SpikeInterface / spikeinterface

A Python-based module for creating flexible and robust spike sorting pipelines.
https://spikeinterface.readthedocs.io
MIT License
531 stars 188 forks source link

InvalidStateError while estimating sparsity #3486

Open JeffreyBoucher opened 1 month ago

JeffreyBoucher commented 1 month ago

Hello all!

I've been trying to run kilosort 3 on a concatenated Neuropixels 2 dataset. Lately I've been running into an issue with create_sorting_analyzer, while it is estimating sparsity. Basically, the code is able to run about 70-80% (not any specific number) of the way through, then I get an exception "InvalidStateError". I guess this means that some aspect of my data doesn't work well with the sparsity-estimating algorithm, but I have no guess what that would be.

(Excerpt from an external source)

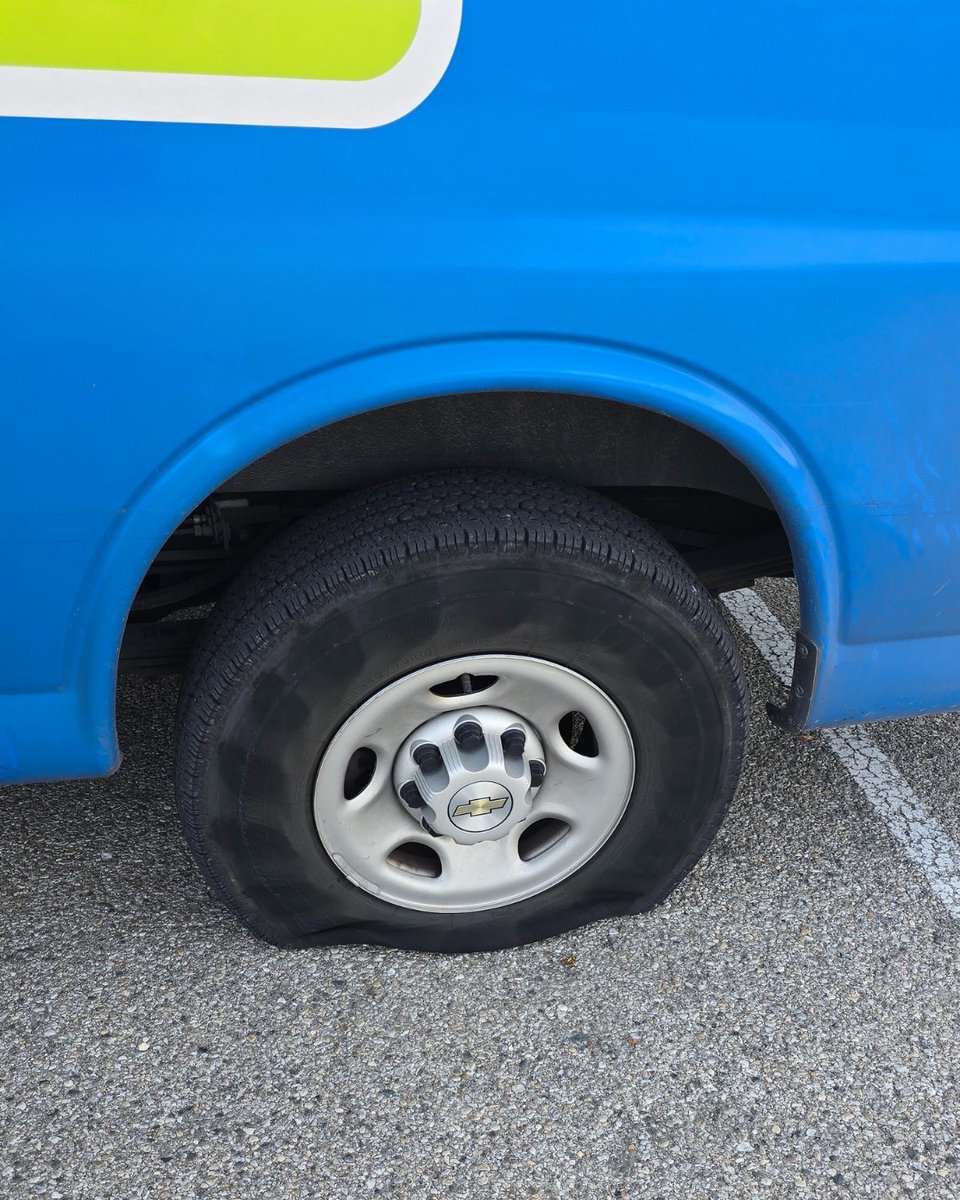 Tg_cinci's tweet photo. Flat tire? Cold morning? Long day ahead?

Here is an example of the exception:

Exception in thread Thread-2: Traceback (most recent call last): File "/home/sjjgjbo/.conda/envs/neurovis_try2/lib/python3.9/threading.py", line 980, in _bootstrap_inner self.run() File "/home/sjjgjbo/.conda/envs/neurovis_try2/lib/python3.9/concurrent/futures/process.py", line 323, in run self.terminate_broken(cause) File "/home/sjjgjbo/.conda/envs/neurovis_try2/lib/python3.9/concurrent/futures/process.py", line 458, in terminate_broken work_item.future.set_exception(bpe) File "/home/sjjgjbo/.conda/envs/neurovis_try2/lib/python3.9/concurrent/futures/_base.py", line 549, in set_exception raise InvalidStateError('{}: {!r}'.format(self._state, self)) concurrent.futures._base.InvalidStateError: CANCELLED: <Future at 0x2aaf7896ea00 state=cancelled>

Additionally, here are the inputs into create_sorting_analyzer:

we = si.create_sorting_analyzer(recording=rec, sorting=sorting, folder=outDir / 'sortings_folder', format="binary_folder", sparse=True )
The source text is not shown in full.